Mandato all’Aran per la contrattualizzazione

Brunetta ha quindi annunciato di aver dato mandato all’Aran di contrattualizzare lo smart working: “Tutto quello che è stato fatto in lockdown è stato fatto senza regole contrattuali e mi sono preoccupato dellle regole contrattuali che non c’erano“.
“Siccome io sono un vecchio socialista, un vecchio esperto di relazioni industriali e sindacali mi sono preoccupato prima di tutto di una regola contrattuale che non c’è mai stata”, ha aggiunto Brunetta.

“Il lavoro da remoto ha funzionato durante il lockdown laddove era già regolato, strutturato con una piattaforma digitale già esistente – ha spiegato – ed è il caso dell’Inps anche se non ha risolto i problemi perché sappiamo tutti i ritardi”. Poi, “se è così fantastico il lavoro da remoto perchè cittadini e imprese sono così arrabbiati leggendo sugli uffici periferici pubblici e privati ‘chiuso per smart working’, perché tutto questo?”, ha osservato. “Ho reso digitali i concorsi pubblici da quattro anni in tre mesi, stiamo lavorando all’interoperabilità delle banche dati, stiamo lavorando al cloud e a una base informatica digitale per essere in sicurezza e voi volete proiettare un bricolage all’italiana nel futuro? Il futuro è dentro il Pnrr, è in quel 6% di crescita del Paese che ha bisogno della pubblica amministrazione, della Pa in presenza, della Pa regolata, garantita con il contratto”, ha concluso.

Cgil, bene il contratto, salvare esperienze positive

La Cgil accoglie con favore l’impegno assunto dal ministro per arrivare a definire un contratto per lo smart working. “Le dichiarazioni di oggi del Ministro Brunetta sono da attenzionare per la volontà di dare attuazione agli impegni assunti nel Patto per la coesione sociale e l’innovazione della Pa del 10 marzo scorso con l’impegno di affrontare il tema della regolazione dello Smart working attraverso la contrattazione collettiva”, sottolinea la segretaria confederale Tania Scacchetti.
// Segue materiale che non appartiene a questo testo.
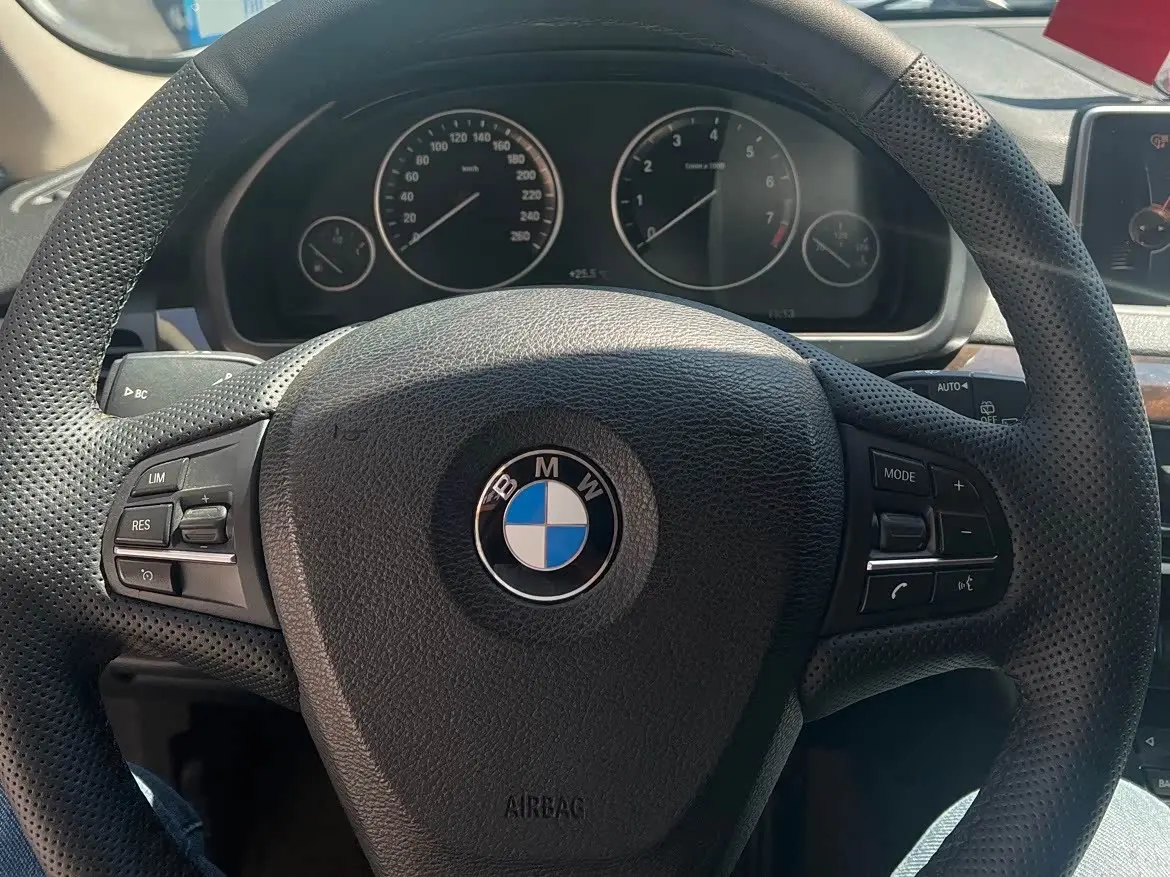 BMW X5 2015 — Фото 12/13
“Occorre però – afferma la dirigente sindacale – salvare ciò che di buono è stato fatto dalle amministrazioni pubbliche e dai lavoratori nei mesi passati, in cui, anche in ragione della necessità di affrontare l’emergenza sanitaria, il lavoro agile è diventato la modalità ordinaria di effettuazione della prestazione lavorativa. C’è bisogno di un’analisi attenta senza pericolose generalizzazioni”.